The benefit of adjuvant chemotherapy in addition to endocrine therapy remains controversial for patients aged ≥ 70 years with oestrogen receptors-positive (ER+) HER2-negative (HER2-) breast cancer.

Dr Brain concludes by explaining they did not find a statistically significant OS benefit with the addition of CT to ET after surgery for ER+ HER2- BC with a high GGI.

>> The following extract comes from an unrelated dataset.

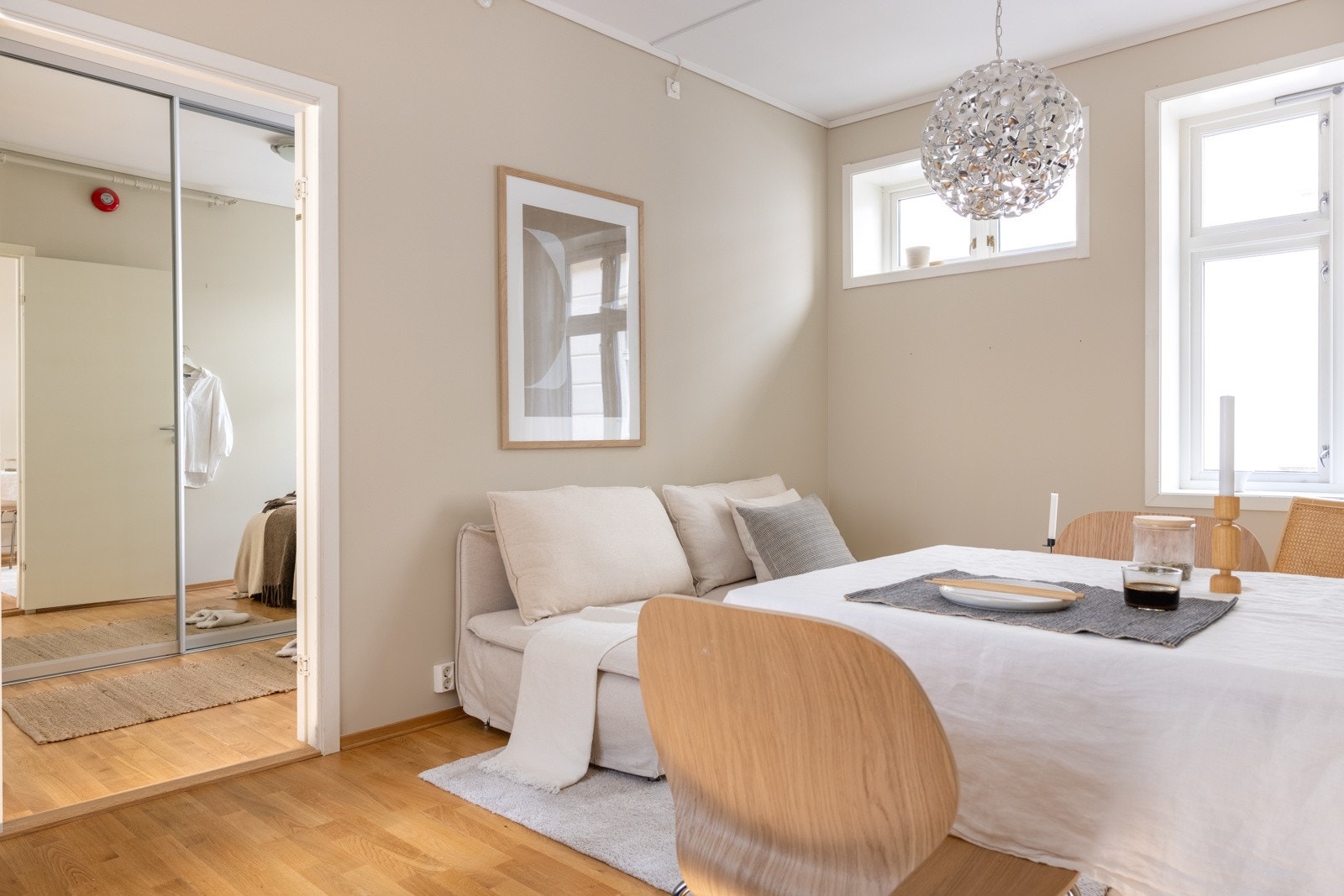 Store vindusflater sørger for rikelig med lysinnslipp til leiligheten. Galleribilde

ASTER 70s is a landmark study for the older population with breast cancer, older meaning aged 70

and older, with the most frequent phenotype of breast cancer at this age which is ER positive,

oestrogen receptor positive, HER2 negative breast tumours. In whom we used a genomic grade index

gene signature to select those who were at higher risk to test the additional benefit of chemotherapy

in addition to endocrine treatment. So why is that? Because this population really has been left behind

in many investigations for a long time and the role of adjuvant chemotherapy remains controversial

because of poor presence of data in the literature or when present raising many questions of toxicity

or related to comorbidity which is something which increases with age and competes with cancer in

terms of prognosis.

 

So we set up this trial really to try to reverse this unfair and irrational situation. We aimed at enrolling

2,000 women after going for curative surgery for this primary tumour, screening for the genomic grade

index. Those with a tumour with a low genomic grade index, low GGI, were spared chemotherapy

whilst those with a high genomic grade index were randomised between endocrine treatment alone as

a standard arm or chemotherapy followed by endocrine treatment. We enrolled in four years between

April 2012 and April 2016 2,000 women and, of them, 1,100 had a high genomic grade and were

randomised according to these two arms – chemo or no chemo.

 

The primary endpoint was overall survival and the main result is that those selected with a high

genomic rate did not show a significant benefit from adding chemotherapy to endocrine treatment,

that’s the main message. That’s a message of caution, meaning that even if you use a powerful tool

to select those cases with a poor prognosis, or a worse prognosis, adding systematic chemotherapy

doesn’t improve easily the result, the outcome.

 

Do you have any plans for this data set in the future?

 

First, we have a large collection of data that we have collected longitudinally in the randomised

population with data on quality of life, on geriatric aspects, treatment acceptability, socioeconomic

data. So we are going to be able to analyse a bit further these results to try to identify if some of them,

some of these patients, could benefit, derive a benefit marginal or a bit more than marginal, from

chemotherapy. So there is plenty of correlative work that we’re going to be able to do, especially

because we have a large biobank also associated with the population.

 

Anything else to add?

 

One last aspect which is really important for this study is that we tried to revolutionise the concept and

the design of clinical trials in this older population. How did we do that? We deliberately chose to

make more flexible the inclusion criteria; we tried to simplify the process of participating to the trial

using a single informed consent for screening with the GGI and randomising when a high GGI was

observed. Finally, we also incorporated many information collected longitudinally to document all

aspects of quality of life which is so important at this age in this population.